Me Jean-Pierre Spitzer, avocat de la Coalition restauratrice de l’État démocratique (Cored) réplique alors : « C’est hallucinant ! Il est radicalement impossible que l’ambassade de France ait transmis ce dossier complet, qu’elle aurait obtenu de façon totalement illégale ! C’est totalement contraire au secret de l’instruction. » Et Me Bourdon d’en rajouter : « Ce jugement est issu de l’obtention déloyale d’un dossier d’instruction complet, grave violation du secret de l’instruction, violation du secret professionnel, et recel. »
Me Emmanuel Marsigny évoque alors la possibilité que Teodorín ait pu transmettre le dossier aux autorités guinéennes et que rien, selon lui, ne l’en empêchait, en tant que prévenu. La réponse ne contente pas tout le monde. Mais il est temps de changer de sujet, et d’aborder l’acronyme qui est dans toutes les têtes.

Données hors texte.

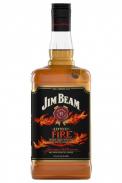 Jim Beam - Bourbon Kentucky Fire (100)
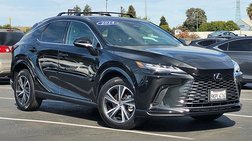 2024 Lexus RX 350 350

Le tribunal est-il compétent ?
Me Marsigny entame alors son plaidoyer : « La défense ne conteste pas que le tribunal est compétent sur le blanchiment car il a été potentiellement commis en France ». Il poursuit : « Mais vous êtes saisi de blanchiment et vous avez donc à caractériser les infractions d’origine, sans lesquelles il ne peut pas y avoir de blanchiment. Là est la particularité de ce dossier : il va vous falloir vous prononcer sur des infractions d’origine, potentiellement commises à l’étranger en infraction d’un droit étranger, raison pour laquelle vous n’êtes pas compétent pour le faire ».

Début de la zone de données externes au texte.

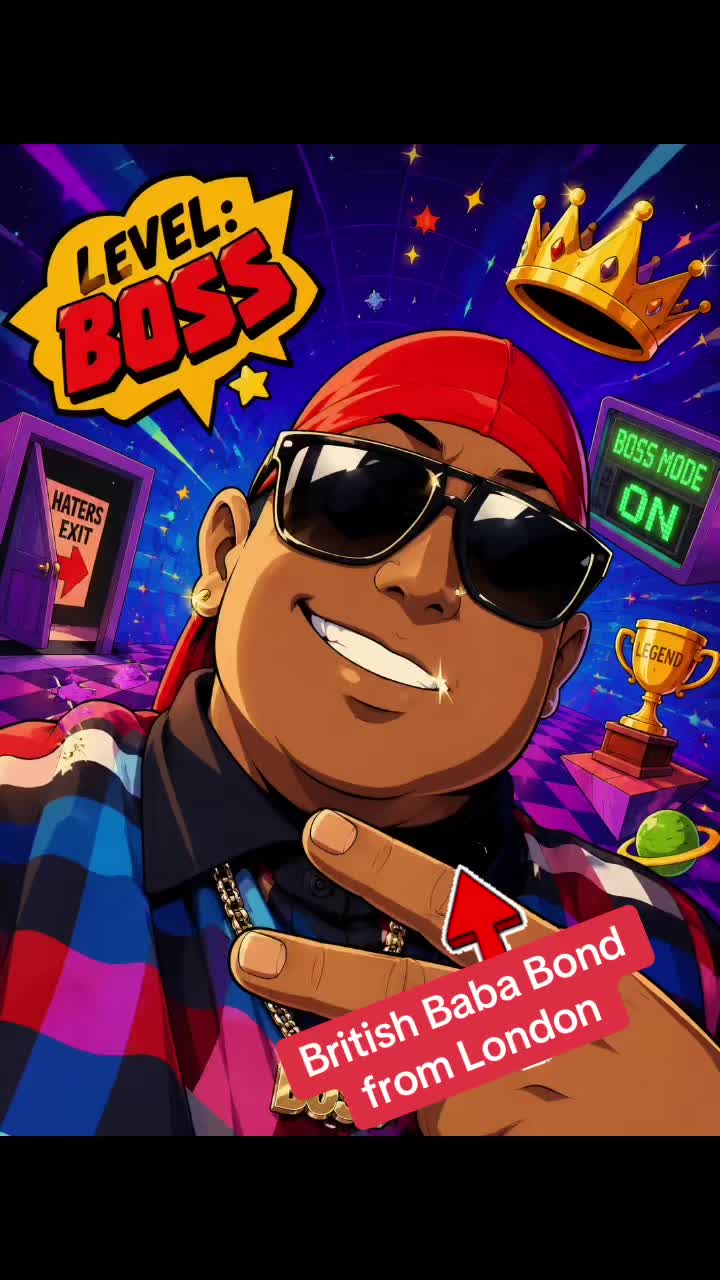 @British Baba Bond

Votre tribunal ne peut pas se faire juge du détournement de fonds publics étrangers
Et Me Marsigny de dérouler son argumentaire : « De plus, votre tribunal ne peut pas se faire juge du détournement de fonds publics étrangers. La charte des Nations unies interdit en effet à tout État de se prononcer sur l’utilisation des fonds publics d’un autre État ». Et de conclure : « La jurisprudence vous demande de faire abstraction du fait que ce soit un agent public étranger et de le juger comme s’il était un agent public français. Mais ce serait alors nier que, si détournements il y a eu, c’est uniquement parce que le prévenu était agent public étranger ! »

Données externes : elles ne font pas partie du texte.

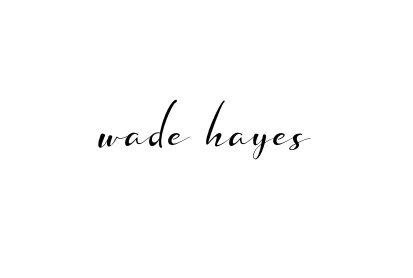 Handwritten Signature for Wade-hayes - Style 132 Online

« Les faits sont simples ! »
Réponse de la partie civile en trois temps : « Cette QPC ne vise qu’à ralentir le fonctionnement de la justice. On a multiplié ce type d’arguments du côté de la défense. En réalité, c’est une question qui est dans les débats depuis 2010 et sur laquelle la justice s’est déjà prononcé ! » « Nous sommes dans des petites stratégies jusqu’à la nausée », explique Me William Bourdon.
Cette QPC ne vise qu’à ralentir le fonctionnement de la justice
Et d’ajouter : « Les faits sont simples. Nous sommes dans un dossier de blanchiment classique. S’il y a une singularité, c’est la personnalité du prévenu. Cette QPC est dilatoire et de mauvaise foi, tant ce point est dans le débat juridique depuis longtemps. De qui se moque-t-on ? ». Et le procureur, moins virulent, met néanmoins le coup de grâce à cette QPC : « Je considère qu’il y a une absence de sérieux. J’ai donc conclu à la non-transmission de la question posée au Conseil constitutionnel. »
Teodorín à la Cour de justice de la République française ?
« Quand on s’appelle M. Nguema, on a moins de droits que les autres ? », s’indigne Me Marsigny. Qui ajoute : « Vous nous dites qu’il faut se placer comme si les faits avaient été commis en France. Chiche ! M. Nguema est ministre, qu’on le juge comme un ministre ! » Teodorín à la Cour de justice de la République française ? Aucune chance, évidemment.
Qu’en est-il donc de cette QPC ? Nul ne le saura avant mercredi 5 juillet. La juge a en effet décidé de supprimer l’audience prévue lundi 3 juillet et ne rendra sa décision que le mercredi matin. Les plaidoiries suivront ensuite, ou non, si la QPC est finalement transmise au Conseil constitutionnel. Les lions, les parties civiles et l’auditoire entier, restent donc, pour le moment sur leur faim. Mais, alors que beaucoup reprochaient à ce procès son caractère trop politique, nul ne contestera que, cette fois, il n’a été question que de droit.